= Beginning of Section =

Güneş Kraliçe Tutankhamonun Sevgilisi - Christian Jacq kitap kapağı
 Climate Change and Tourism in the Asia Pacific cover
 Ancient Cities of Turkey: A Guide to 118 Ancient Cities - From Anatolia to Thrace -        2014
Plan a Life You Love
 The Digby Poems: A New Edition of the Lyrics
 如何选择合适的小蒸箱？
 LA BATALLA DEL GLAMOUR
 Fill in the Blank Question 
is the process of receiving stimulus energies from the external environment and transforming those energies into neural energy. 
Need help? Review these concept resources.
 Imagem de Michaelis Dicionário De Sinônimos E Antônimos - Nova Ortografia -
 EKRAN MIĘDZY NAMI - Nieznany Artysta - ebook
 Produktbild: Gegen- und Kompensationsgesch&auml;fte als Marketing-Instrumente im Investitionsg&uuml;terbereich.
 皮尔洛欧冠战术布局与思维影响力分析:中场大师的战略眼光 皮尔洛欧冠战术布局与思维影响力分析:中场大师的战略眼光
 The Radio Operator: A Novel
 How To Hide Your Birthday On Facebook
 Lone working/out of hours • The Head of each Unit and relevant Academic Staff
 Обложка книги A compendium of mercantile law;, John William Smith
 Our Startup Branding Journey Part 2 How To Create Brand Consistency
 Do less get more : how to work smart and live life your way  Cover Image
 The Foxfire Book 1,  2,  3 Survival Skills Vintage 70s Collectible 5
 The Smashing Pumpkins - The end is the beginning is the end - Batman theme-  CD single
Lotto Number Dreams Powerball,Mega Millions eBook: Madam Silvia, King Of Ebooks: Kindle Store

= End of Section =

TASK TO CARRY OUT: Everything in the listing must be returned word for word.

EXERCISE ANSWER:
Güneş Kraliçe Tutankhamonun Sevgilisi - Christian Jacq kitap kapağı
 Climate Change and Tourism in the Asia Pacific cover
 Ancient Cities of Turkey: A Guide to 118 Ancient Cities - From Anatolia to Thrace -        2014
Plan a Life You Love
 The Digby Poems: A New Edition of the Lyrics
 如何选择合适的小蒸箱？
 LA BATALLA DEL GLAMOUR
 Fill in the Blank Question 
is the process of receiving stimulus energies from the external environment and transforming those energies into neural energy. 
Need help? Review these concept resources.
 Imagem de Michaelis Dicionário De Sinônimos E Antônimos - Nova Ortografia -
 EKRAN MIĘDZY NAMI - Nieznany Artysta - ebook
 Produktbild: Gegen- und Kompensationsgesch&auml;fte als Marketing-Instrumente im Investitionsg&uuml;terbereich.
 皮尔洛欧冠战术布局与思维影响力分析:中场大师的战略眼光 皮尔洛欧冠战术布局与思维影响力分析:中场大师的战略眼光
 The Radio Operator: A Novel
 How To Hide Your Birthday On Facebook
 Lone working/out of hours • The Head of each Unit and relevant Academic Staff
 Обложка книги A compendium of mercantile law;, John William Smith
 Our Startup Branding Journey Part 2 How To Create Brand Consistency
 Do less get more : how to work smart and live life your way  Cover Image
 The Foxfire Book 1,  2,  3 Survival Skills Vintage 70s Collectible 5
 The Smashing Pumpkins - The end is the beginning is the end - Batman theme-  CD single
Lotto Number Dreams Powerball,Mega Millions eBook: Madam Silvia, King Of Ebooks: Kindle Store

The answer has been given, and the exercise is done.